WORK ORDER:
In your copy, leave out the pictures; write out all the data exactly.

Source records
────────
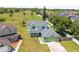 Two story home with a 2 car garage, nice landscaping and ample yard space at 905 Ocala Woods Ln, Orlando, FL 32824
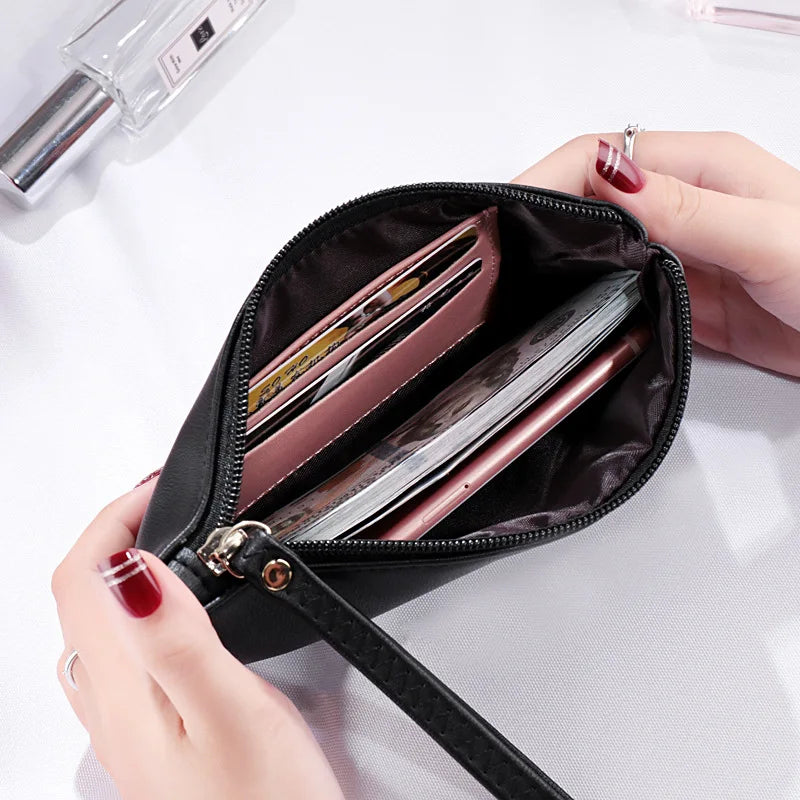 New mobile phone bag female long zipper coin purse female Korean version of pure color wild card bag mobile phone bag wallet.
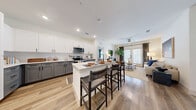 This thoughtfully designed 2-bedroom, 2-bathroom residence offers a cohesive and modern living experience across a single floor. The open-concept layout seamlessly connects the kitchen, dining, and living areas, all unified by warm-toned hardwood-style flooring. The kitchen is a standout feature, showcasing two-tone cabinetry with white upper cabinets and gray lower cabinets, stainless steel appliances, a clean white countertop, and a central island with bar seating — ideal for both meal prep and casual dining. The living room is bright and welcoming, with large French doors that invite natural light and provide outdoor access, complemented by a ceiling fan overhead. Both bedrooms are carpeted and comfortably sized, with large windows that bring in natural light. The primary bedroom includes its own closet with built-in shelving for organized storage. The bathrooms feature gray shaker-style vanities with black hardware, wood-look flooring, and a tub-shower combination. An additional closet with open shelving provides further storage throughout the residence. The overall ambiance is clean, contemporary, and move-in ready, with a neutral color palette that offers a versatile backdrop for any style.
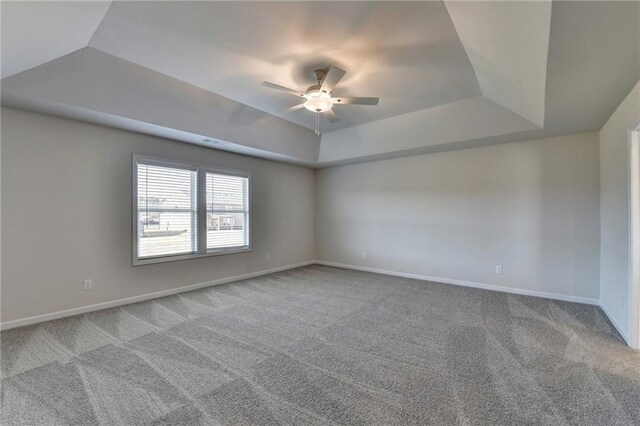 58 Longhorn Way, Auburn, GA 30011 - empty room with baseboards, a ceiling fan, a raised ceiling, and carpet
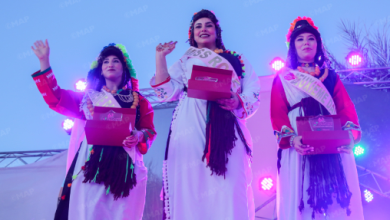 Three women on a stage wearing sashes and white dresses, holding pink boxes as colorful stage lights illuminate them (pageant or festival setting).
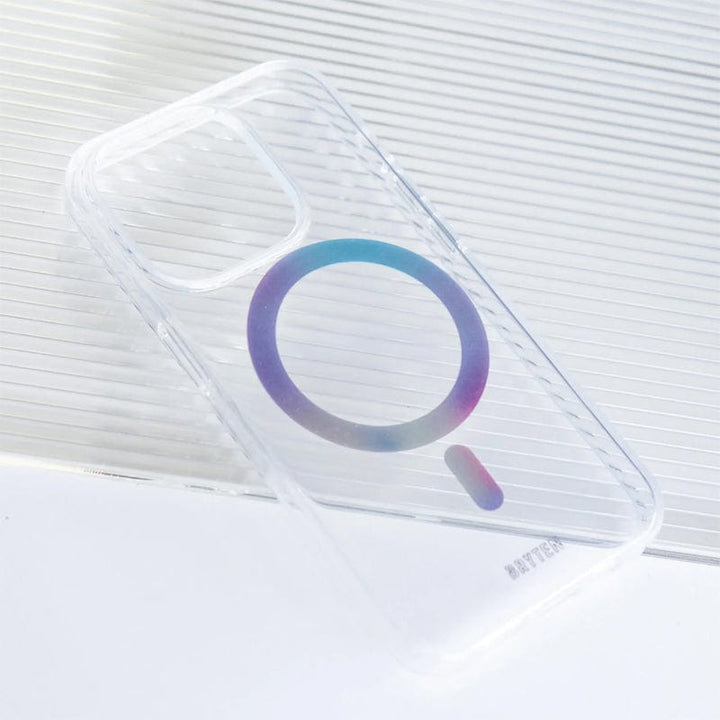 The Bryten by Raptic iPhone 15 MagFx MagSafe Case, a clear phone case featuring a circular and linear design in the middle and placed on a striped white surface, ensures drop protection while being compatible with MagSafe chargers and wireless charging.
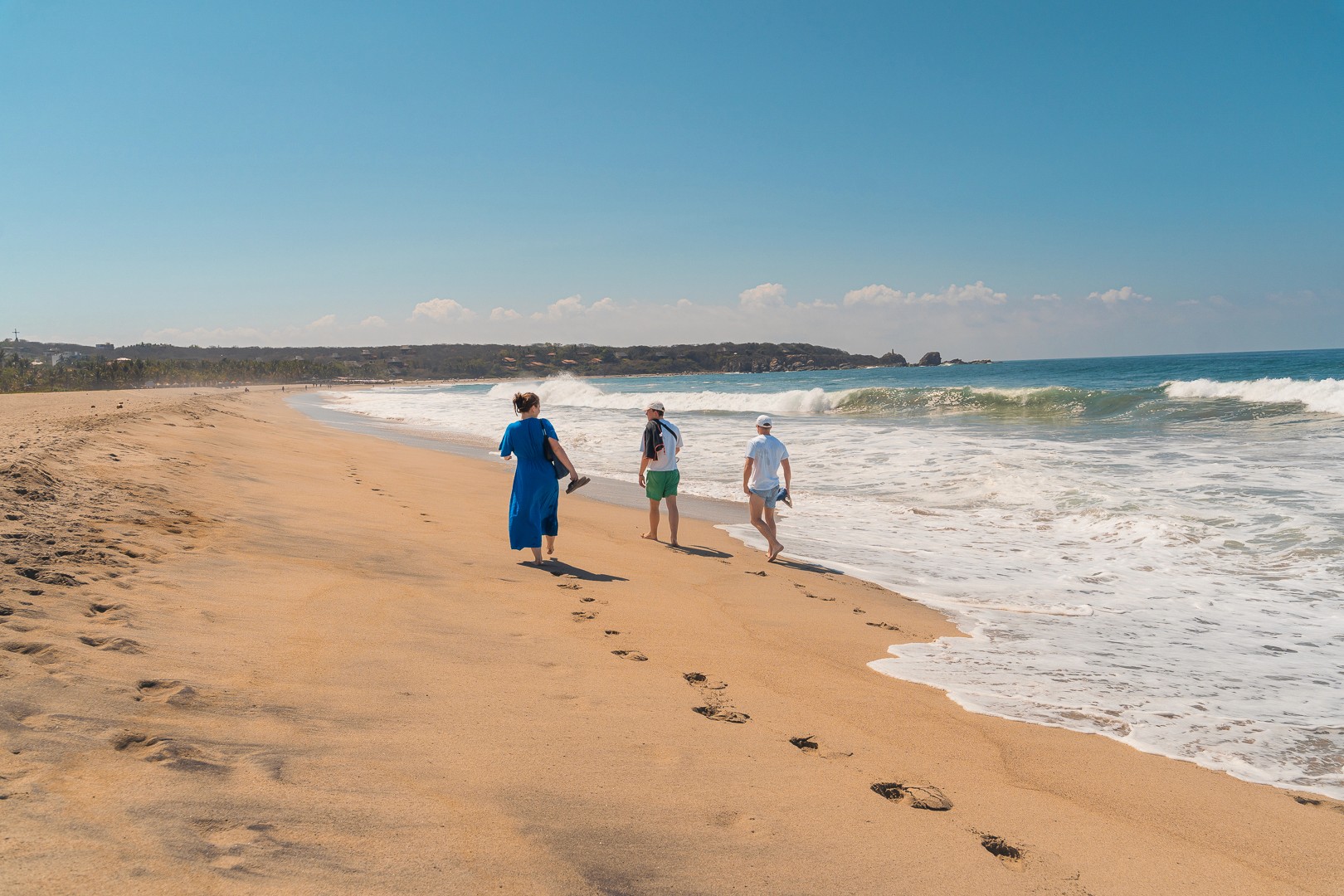 Trois personnes marchant le long d'une plage de sable à Puerto Escondido.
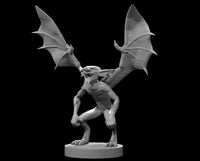 A winged mephit crouching low with both leathery wings spread wide, clawed feet gripping the base, mouth open in a snarl. Sculpt by MZ4250.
────────
WRITTEN RESPONSE:
 Two story home with a 2 car garage, nice landscaping and ample yard space at 905 Ocala Woods Ln, Orlando, FL 32824
 New mobile phone bag female long zipper coin purse female Korean version of pure color wild card bag mobile phone bag wallet.
 This thoughtfully designed 2-bedroom, 2-bathroom residence offers a cohesive and modern living experience across a single floor. The open-concept layout seamlessly connects the kitchen, dining, and living areas, all unified by warm-toned hardwood-style flooring. The kitchen is a standout feature, showcasing two-tone cabinetry with white upper cabinets and gray lower cabinets, stainless steel appliances, a clean white countertop, and a central island with bar seating — ideal for both meal prep and casual dining. The living room is bright and welcoming, with large French doors that invite natural light and provide outdoor access, complemented by a ceiling fan overhead. Both bedrooms are carpeted and comfortably sized, with large windows that bring in natural light. The primary bedroom includes its own closet with built-in shelving for organized storage. The bathrooms feature gray shaker-style vanities with black hardware, wood-look flooring, and a tub-shower combination. An additional closet with open shelving provides further storage throughout the residence. The overall ambiance is clean, contemporary, and move-in ready, with a neutral color palette that offers a versatile backdrop for any style.
 58 Longhorn Way, Auburn, GA 30011 - empty room with baseboards, a ceiling fan, a raised ceiling, and carpet
 Three women on a stage wearing sashes and white dresses, holding pink boxes as colorful stage lights illuminate them (pageant or festival setting).
 The Bryten by Raptic iPhone 15 MagFx MagSafe Case, a clear phone case featuring a circular and linear design in the middle and placed on a striped white surface, ensures drop protection while being compatible with MagSafe chargers and wireless charging.
 Trois personnes marchant le long d'une plage de sable à Puerto Escondido.
 A winged mephit crouching low with both leathery wings spread wide, clawed feet gripping the base, mouth open in a snarl. Sculpt by MZ4250.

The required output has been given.